Information given

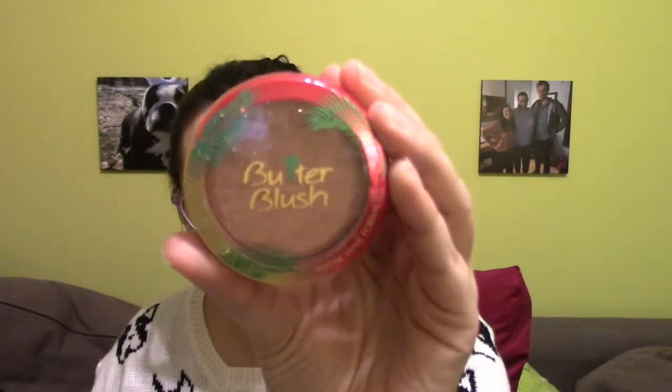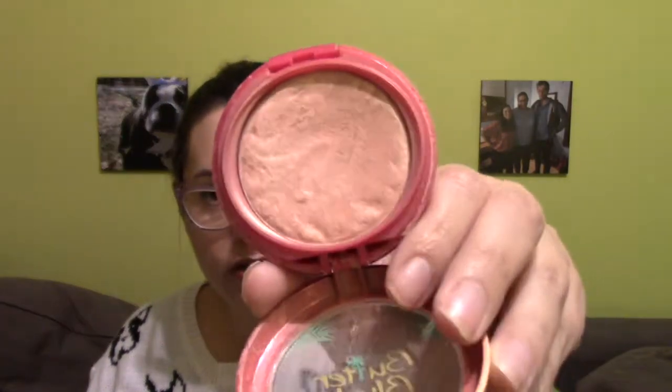This month I am decluttering a Butter Blush from Physicians Formula in the shade Natural Glow. It might be hard to see in this light, but it looks pink — it was actually like a gold shimmer — and it also smells very much like artificial coconut, which I think is fabulous. But I hate this blush. I hate it, I hate it, I hate it. I feel like if I hate it that much, I don't need it in my life, so I'm getting rid of it.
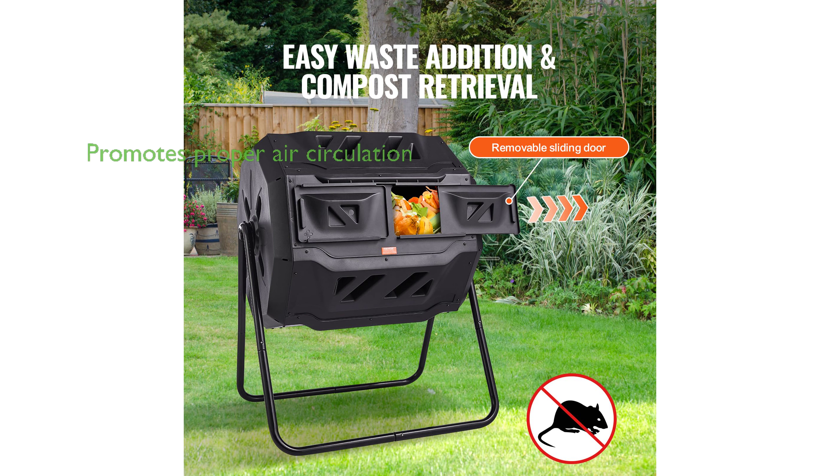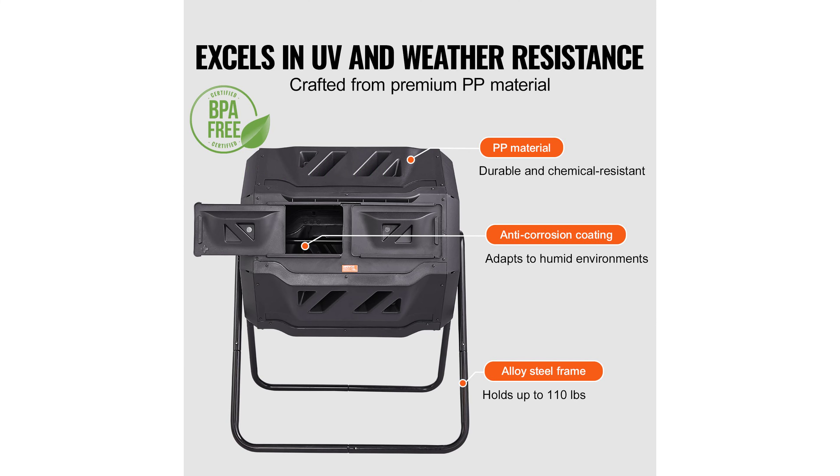The garden compost tumbler has strategically placed vents and internal grooves that promote proper air circulation, prevent potential issues, and ensure uniform mixing of materials, accelerating the decomposition of organic matter.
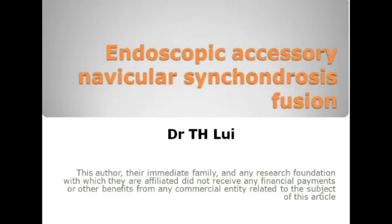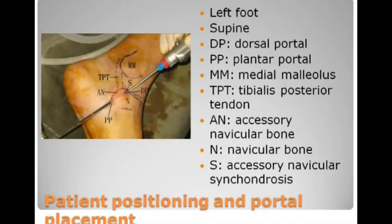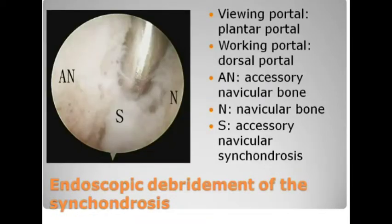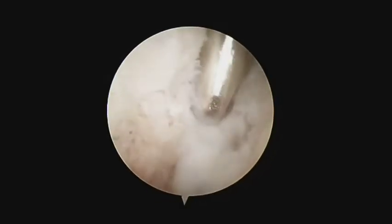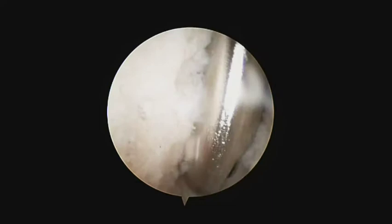Endoscopic accessory navicular synchondrosis fusion. Synchondrosis endoscopy is performed through the dorsal and plantar portals at the dorsal and plantar ends of the synchondrosis.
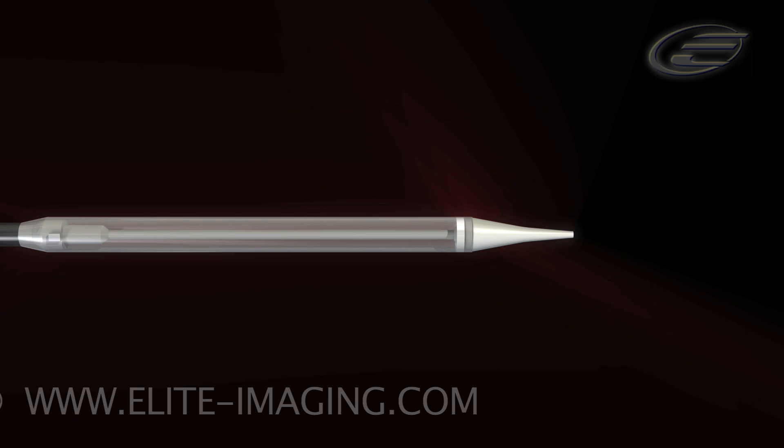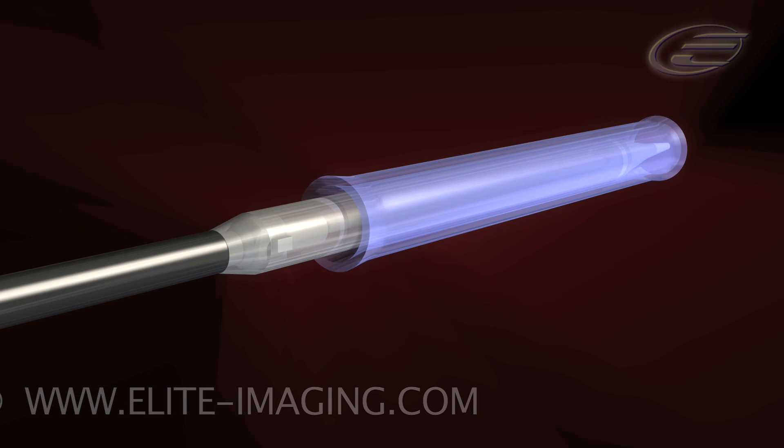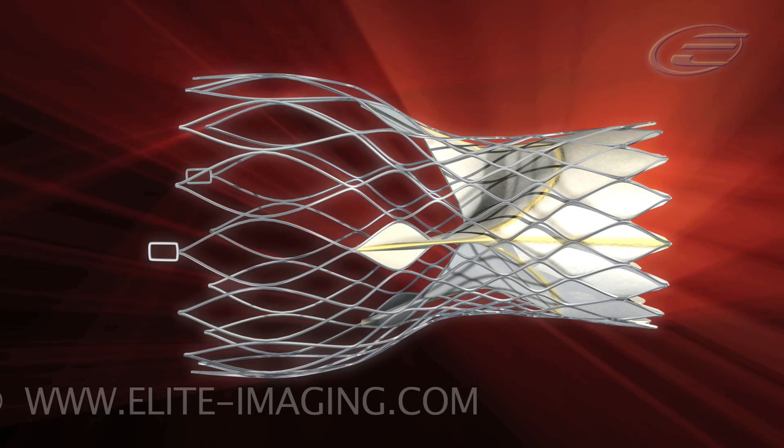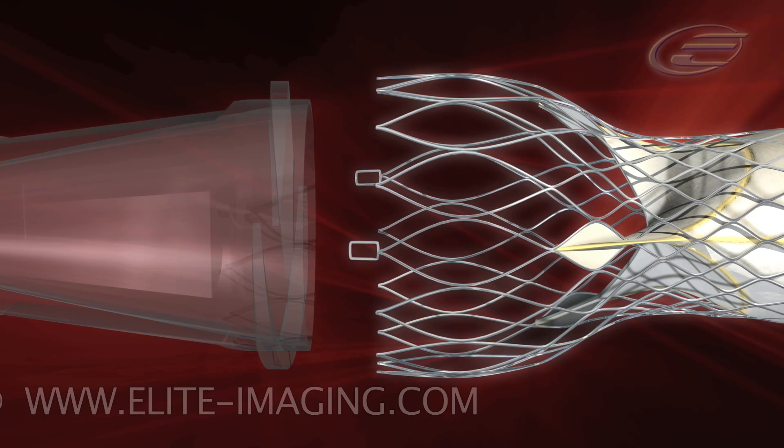Loading the valve. Advance the tapered outflow tube over the catheter. Gently squeeze the outflow part of the frame.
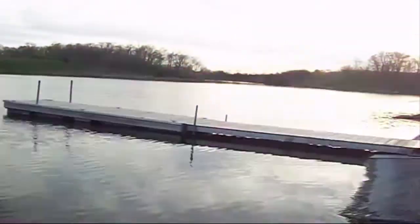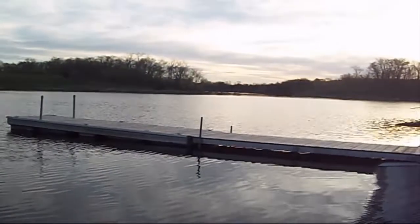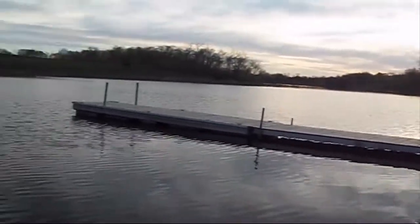We're gonna head over in that direction over there, see if we can't come up with something. I'll get the boat out and we'll get fired up.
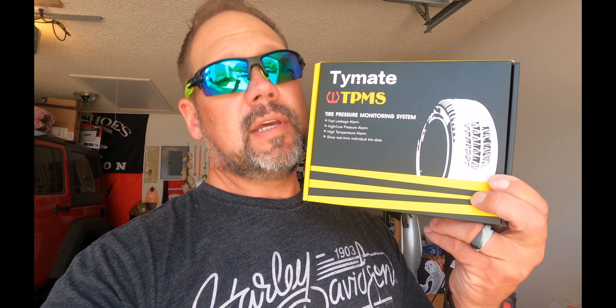So we decided on Amazon Prime Day to get a TPMS tire pressure monitoring system. This one is made by Tiremate — I'll put the link in the description to Amazon where we got it. I think I paid 80 bucks for it. This is the smaller version; they have a blue version also that is for larger and longer rigs.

Task directions
The required answer is every line from the one containing "Loading the valve." through the last line of the entries, restated word for word and with no pictures.

Task answer
Loading the valve. Advance the tapered outflow tube over the catheter. Gently squeeze the outflow part of the frame.
We're gonna head over in that direction over there, see if we can't come up with something. I'll get the boat out and we'll get fired up.
So we decided on Amazon Prime Day to get a TPMS tire pressure monitoring system. This one is made by Tiremate — I'll put the link in the description to Amazon where we got it. I think I paid 80 bucks for it. This is the smaller version; they have a blue version also that is for larger and longer rigs.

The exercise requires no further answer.